──────── Task data ────────

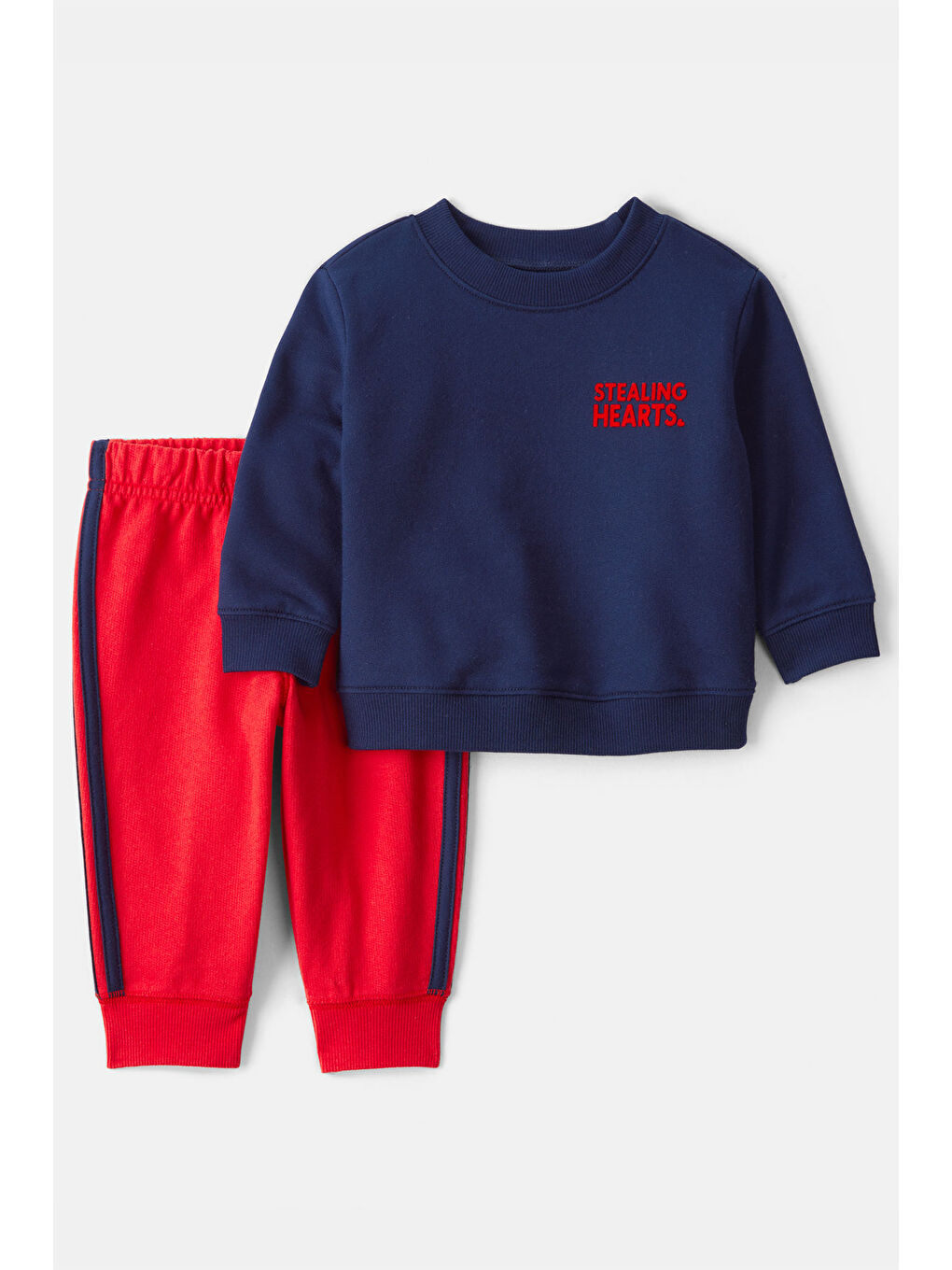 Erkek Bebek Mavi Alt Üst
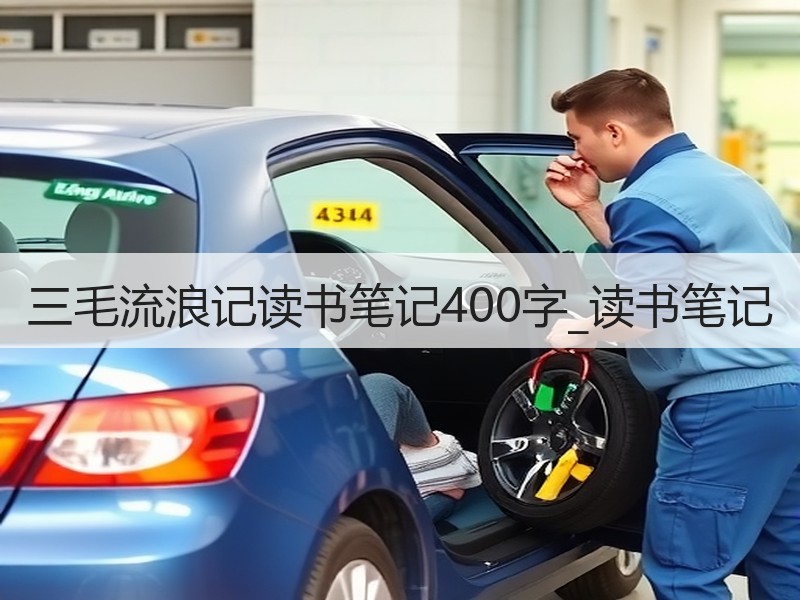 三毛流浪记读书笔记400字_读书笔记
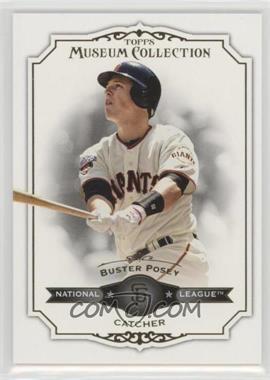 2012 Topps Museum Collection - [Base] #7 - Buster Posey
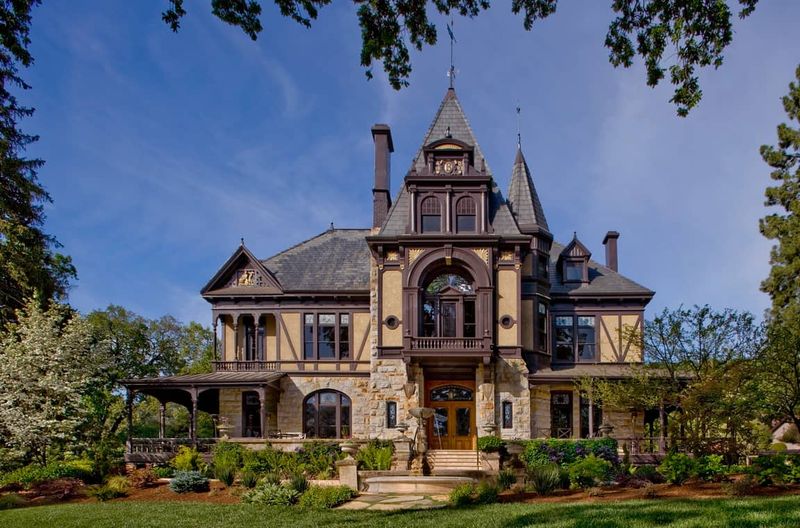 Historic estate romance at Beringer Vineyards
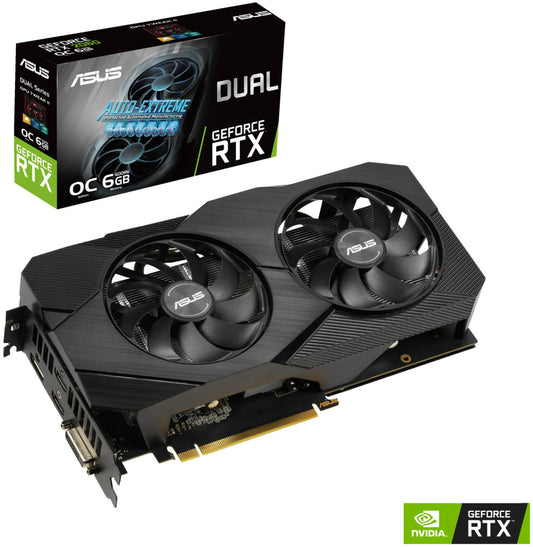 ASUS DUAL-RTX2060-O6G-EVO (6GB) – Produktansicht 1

────────
──────── Task data ────────

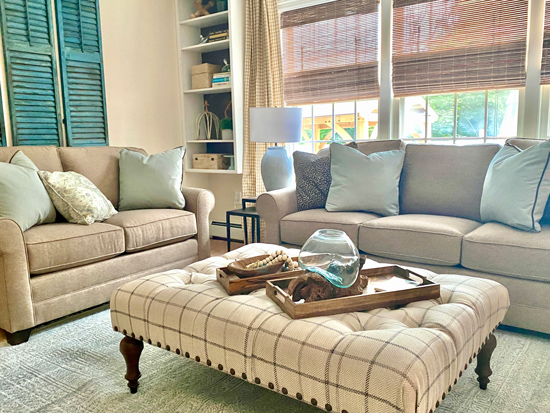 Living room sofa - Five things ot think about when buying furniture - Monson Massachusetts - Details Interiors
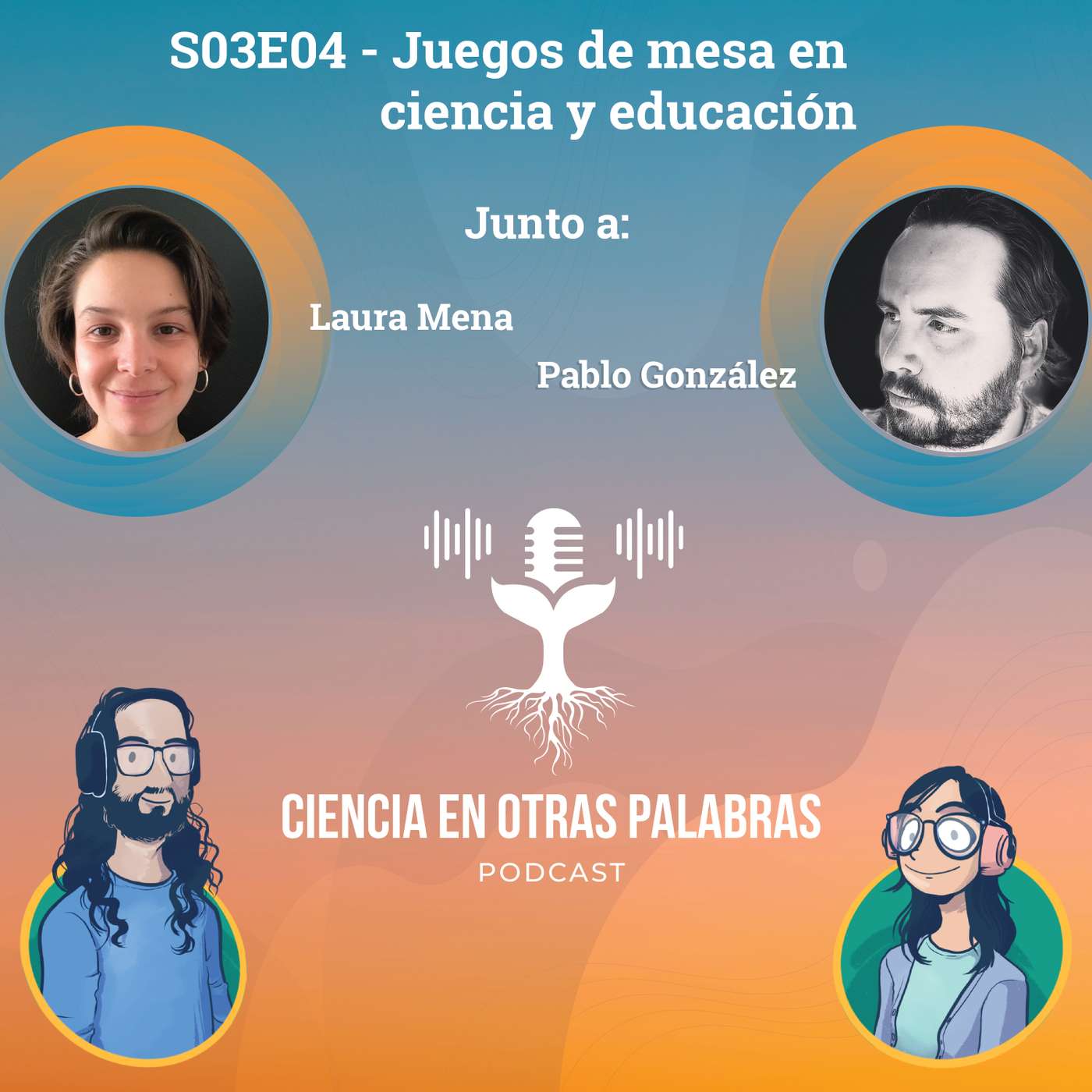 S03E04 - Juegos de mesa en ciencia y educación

────────
──────── Task data ────────

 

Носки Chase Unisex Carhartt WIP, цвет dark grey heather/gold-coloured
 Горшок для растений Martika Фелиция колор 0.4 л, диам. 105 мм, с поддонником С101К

────────

- [Task statement]: Everything from the line with "三毛流浪记读书笔记400字_读书笔记" down to the line with "ASUS DUAL-RTX2060-O6G-EVO (6GB)" in the data above should be copied exactly, with both end lines kept and the pictures left out.

- [Task answer]:
 三毛流浪记读书笔记400字_读书笔记
 2012 Topps Museum Collection - [Base] #7 - Buster Posey
 Historic estate romance at Beringer Vineyards
 ASUS DUAL-RTX2060-O6G-EVO (6GB) – Produktansicht 1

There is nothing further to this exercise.